Según publicó Infobae, en la Casa Rosada reconocieron que Javier Milei sigue con atención la situación en Ceuta y no descartaron que, a futuro, puedan evaluarse nuevas modificaciones en la política migratoria argentina. Ante la consulta sobre esa posibilidad, una fuente del Poder Ejecutivo respondió: «Lo estamos monitoreando».
En los últimos días, Milei compartió en su cuenta de X distintas publicaciones de referentes libertarios sobre la situación. Entre ellas se destacó un extenso análisis del director ejecutivo de la Fundación Faro, Agustín Laje, quien responsabilizó a «los globalistas al frente de la Unión Europea», además de cuestionar a la «industria de las ONG», la «ideología multicultural» y el «wokismo», al que definió como un «complejo de culpa autoinducido» que, según su interpretación, favorece las políticas de fronteras abiertas.

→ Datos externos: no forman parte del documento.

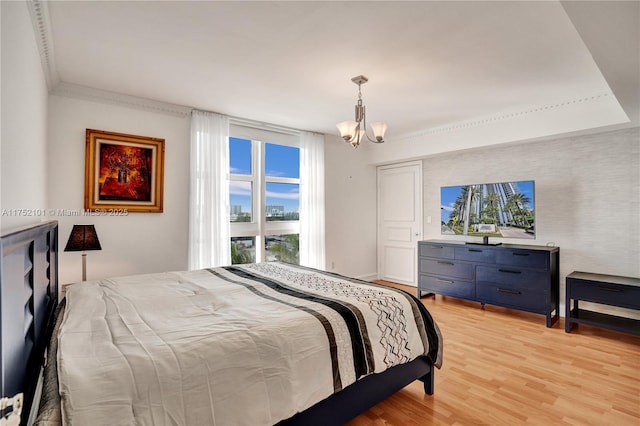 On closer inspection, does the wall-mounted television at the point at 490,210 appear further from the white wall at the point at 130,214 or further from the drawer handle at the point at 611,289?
the white wall at the point at 130,214

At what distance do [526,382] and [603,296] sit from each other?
5.29 feet

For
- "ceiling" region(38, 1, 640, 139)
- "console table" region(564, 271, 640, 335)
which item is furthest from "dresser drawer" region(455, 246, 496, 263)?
"ceiling" region(38, 1, 640, 139)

Las versiones sobre posibles cambios surgieron pocos días después de que el Gobierno nacional oficializara un nuevo Decreto de Necesidad y Urgencia que habilita impedir el ingreso y expulsar del país a extranjeros que promuevan mensajes de odio, discriminación o violencia contra la Argentina o sus ciudadanos, además de quienes ultrajen símbolos patrios.